Let \(K={\mathbb {Q}}[x]/(h)={\mathbb {Q}}(\pi )\), which is the same field as in Example 34. Note that \(\pi \) is a Weil generator for K but that the isogeny class is not super-isolated because the class group of K has order two. Using [13, Thm. 4.3] we deduce that there are two isomorphism classes of abelian varieties in the isogeny class, represented by say A and B. Using [13, Thm. 5.4], we compute that one of the isomorphism classes admits two non-isomorphic principal polarizations, say \((A,\theta _1)\) and \((A,\theta _2)\), while B is not principally polarized.
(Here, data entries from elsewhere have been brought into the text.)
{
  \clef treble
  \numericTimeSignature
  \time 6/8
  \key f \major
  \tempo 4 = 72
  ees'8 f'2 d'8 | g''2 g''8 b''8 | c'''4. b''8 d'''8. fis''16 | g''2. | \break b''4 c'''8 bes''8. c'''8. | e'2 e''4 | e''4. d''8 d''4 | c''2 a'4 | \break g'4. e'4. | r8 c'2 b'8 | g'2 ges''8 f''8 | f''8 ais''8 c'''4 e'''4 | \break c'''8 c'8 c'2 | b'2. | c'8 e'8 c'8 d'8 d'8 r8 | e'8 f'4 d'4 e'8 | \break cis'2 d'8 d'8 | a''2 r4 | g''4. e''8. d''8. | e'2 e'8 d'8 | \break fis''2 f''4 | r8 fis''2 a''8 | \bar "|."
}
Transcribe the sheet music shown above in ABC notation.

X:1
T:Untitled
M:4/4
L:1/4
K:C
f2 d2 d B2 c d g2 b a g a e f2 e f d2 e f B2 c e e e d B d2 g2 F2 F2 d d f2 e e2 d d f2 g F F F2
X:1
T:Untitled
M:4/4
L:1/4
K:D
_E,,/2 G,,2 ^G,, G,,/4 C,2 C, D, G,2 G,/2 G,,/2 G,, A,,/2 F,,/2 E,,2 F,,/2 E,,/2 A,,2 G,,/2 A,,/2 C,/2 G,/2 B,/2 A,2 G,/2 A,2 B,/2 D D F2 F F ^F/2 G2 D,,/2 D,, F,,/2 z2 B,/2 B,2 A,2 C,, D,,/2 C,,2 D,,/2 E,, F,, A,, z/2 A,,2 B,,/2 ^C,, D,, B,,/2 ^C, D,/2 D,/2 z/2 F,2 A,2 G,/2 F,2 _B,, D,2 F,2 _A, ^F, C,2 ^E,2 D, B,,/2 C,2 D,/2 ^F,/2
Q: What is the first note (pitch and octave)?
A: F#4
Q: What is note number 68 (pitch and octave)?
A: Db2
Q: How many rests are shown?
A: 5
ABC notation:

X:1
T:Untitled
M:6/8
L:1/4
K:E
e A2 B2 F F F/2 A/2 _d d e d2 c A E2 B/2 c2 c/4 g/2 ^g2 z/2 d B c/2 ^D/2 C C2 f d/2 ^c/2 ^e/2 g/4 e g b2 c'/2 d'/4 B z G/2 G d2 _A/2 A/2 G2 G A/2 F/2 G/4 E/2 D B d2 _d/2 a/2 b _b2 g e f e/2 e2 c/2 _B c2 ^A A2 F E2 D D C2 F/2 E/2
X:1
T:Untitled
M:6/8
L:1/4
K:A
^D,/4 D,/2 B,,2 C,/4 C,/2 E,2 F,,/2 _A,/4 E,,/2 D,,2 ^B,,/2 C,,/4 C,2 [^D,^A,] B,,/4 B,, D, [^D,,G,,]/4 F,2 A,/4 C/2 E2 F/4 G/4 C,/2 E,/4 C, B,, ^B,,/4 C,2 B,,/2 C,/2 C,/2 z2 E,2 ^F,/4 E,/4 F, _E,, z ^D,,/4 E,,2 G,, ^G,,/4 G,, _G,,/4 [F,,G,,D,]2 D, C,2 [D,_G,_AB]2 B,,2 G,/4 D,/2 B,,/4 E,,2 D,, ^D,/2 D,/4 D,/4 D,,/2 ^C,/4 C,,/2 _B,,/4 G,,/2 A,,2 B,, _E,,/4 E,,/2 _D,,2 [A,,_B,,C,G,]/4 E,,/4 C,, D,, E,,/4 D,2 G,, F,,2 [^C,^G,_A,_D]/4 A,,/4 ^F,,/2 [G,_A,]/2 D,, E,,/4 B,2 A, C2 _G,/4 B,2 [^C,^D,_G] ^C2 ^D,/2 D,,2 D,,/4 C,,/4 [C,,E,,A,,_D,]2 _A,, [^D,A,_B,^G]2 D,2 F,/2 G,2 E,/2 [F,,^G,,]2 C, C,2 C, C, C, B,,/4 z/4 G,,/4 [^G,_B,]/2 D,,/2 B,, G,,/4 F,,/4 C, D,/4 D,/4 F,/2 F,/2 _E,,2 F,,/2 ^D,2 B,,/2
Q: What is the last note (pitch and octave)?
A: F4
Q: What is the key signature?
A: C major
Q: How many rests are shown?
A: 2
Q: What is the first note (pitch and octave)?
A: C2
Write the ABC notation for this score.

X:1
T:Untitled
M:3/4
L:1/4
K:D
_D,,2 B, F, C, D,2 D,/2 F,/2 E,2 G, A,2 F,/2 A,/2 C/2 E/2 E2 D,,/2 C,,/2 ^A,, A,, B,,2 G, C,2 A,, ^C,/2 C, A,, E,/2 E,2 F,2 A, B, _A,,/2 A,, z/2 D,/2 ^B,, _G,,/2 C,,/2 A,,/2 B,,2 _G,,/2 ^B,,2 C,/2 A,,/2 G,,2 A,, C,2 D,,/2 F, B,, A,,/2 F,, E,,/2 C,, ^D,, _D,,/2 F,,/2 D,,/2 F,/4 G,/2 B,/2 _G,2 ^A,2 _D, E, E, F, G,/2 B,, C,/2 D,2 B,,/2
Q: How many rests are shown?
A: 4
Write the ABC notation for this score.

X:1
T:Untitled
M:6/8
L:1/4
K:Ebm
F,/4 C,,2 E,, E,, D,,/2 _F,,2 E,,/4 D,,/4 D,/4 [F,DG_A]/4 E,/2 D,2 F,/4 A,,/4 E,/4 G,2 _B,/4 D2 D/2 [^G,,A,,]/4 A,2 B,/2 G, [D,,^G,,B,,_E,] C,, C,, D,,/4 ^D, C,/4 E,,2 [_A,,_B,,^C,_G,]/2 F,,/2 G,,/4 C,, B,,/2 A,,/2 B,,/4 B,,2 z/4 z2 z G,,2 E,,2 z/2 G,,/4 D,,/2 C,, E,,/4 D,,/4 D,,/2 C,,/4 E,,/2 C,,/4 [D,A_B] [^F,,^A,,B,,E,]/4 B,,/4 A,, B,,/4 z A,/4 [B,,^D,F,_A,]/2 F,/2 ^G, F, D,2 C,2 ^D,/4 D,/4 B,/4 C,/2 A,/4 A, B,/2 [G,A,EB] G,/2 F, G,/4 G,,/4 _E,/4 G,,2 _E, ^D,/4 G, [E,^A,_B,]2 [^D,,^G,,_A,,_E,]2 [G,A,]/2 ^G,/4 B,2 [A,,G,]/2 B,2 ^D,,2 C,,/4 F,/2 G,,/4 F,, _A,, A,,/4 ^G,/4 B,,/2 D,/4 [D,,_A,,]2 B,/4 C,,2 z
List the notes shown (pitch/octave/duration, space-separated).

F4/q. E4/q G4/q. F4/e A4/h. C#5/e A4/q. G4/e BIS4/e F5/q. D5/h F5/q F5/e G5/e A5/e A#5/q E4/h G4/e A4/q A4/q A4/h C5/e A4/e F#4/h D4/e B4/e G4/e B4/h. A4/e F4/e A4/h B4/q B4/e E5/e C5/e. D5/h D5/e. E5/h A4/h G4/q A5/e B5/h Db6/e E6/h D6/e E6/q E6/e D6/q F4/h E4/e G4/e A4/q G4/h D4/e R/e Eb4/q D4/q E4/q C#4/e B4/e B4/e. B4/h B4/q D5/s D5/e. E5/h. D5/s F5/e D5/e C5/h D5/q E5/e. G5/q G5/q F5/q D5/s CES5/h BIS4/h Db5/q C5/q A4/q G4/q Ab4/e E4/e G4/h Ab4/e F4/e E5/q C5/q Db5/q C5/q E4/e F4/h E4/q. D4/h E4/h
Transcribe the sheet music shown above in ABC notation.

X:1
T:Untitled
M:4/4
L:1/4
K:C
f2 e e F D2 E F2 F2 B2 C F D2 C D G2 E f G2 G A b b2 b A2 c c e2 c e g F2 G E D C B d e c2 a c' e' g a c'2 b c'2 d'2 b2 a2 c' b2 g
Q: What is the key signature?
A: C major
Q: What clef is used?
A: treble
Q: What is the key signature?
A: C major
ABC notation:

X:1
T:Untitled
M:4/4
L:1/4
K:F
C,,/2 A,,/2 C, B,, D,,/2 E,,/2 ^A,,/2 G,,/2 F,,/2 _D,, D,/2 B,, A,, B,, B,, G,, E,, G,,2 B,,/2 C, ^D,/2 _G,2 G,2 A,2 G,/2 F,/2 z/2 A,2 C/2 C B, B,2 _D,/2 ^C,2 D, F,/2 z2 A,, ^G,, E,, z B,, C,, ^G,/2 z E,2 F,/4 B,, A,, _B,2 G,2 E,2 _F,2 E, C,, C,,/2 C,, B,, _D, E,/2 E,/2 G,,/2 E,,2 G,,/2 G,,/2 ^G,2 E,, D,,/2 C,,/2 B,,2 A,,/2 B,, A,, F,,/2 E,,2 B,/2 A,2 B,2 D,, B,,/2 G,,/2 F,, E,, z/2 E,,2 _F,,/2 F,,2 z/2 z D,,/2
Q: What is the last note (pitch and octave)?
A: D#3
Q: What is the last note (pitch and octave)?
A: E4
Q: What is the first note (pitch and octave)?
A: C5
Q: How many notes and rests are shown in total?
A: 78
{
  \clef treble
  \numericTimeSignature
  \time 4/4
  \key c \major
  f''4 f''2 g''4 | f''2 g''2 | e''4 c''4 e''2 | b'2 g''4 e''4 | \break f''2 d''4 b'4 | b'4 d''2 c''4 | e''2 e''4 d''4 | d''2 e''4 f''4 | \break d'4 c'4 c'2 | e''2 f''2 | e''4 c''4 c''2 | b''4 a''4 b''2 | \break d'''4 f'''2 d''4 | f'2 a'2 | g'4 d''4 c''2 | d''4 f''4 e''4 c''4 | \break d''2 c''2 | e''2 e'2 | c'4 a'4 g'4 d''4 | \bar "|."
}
Note that it is not surprising that A has two non-isomorphic polarizations: indeed by [13, Thm. 5.4] the number of non-isomorphic polarizations equals the size of \(U_F^+/{\text {Norm}}_{K/F}(U_K)\) and in Example 34 we showed that it is 2. Denote by \(\theta '_1\) (resp. \(\theta '_2\)) the canonical polarization of \({\text {Jac}}(C_1)\) (resp. \({\text {Jac}}(C_2)\)). We deduce that, after possibly relabelling \(\theta _1\) and \(\theta _2\), we have isomorphisms \(({\text {Jac}}(C_1),\theta '_1)\simeq (A,\theta _1)\) and \(({\text {Jac}}(C_2),\theta '_2)\simeq (A,\theta _2)\). In particular we have \({\text {Jac}}(C_1)\simeq {\text {Jac}}(C_2) \simeq A\) as unpolarized abelian varieties.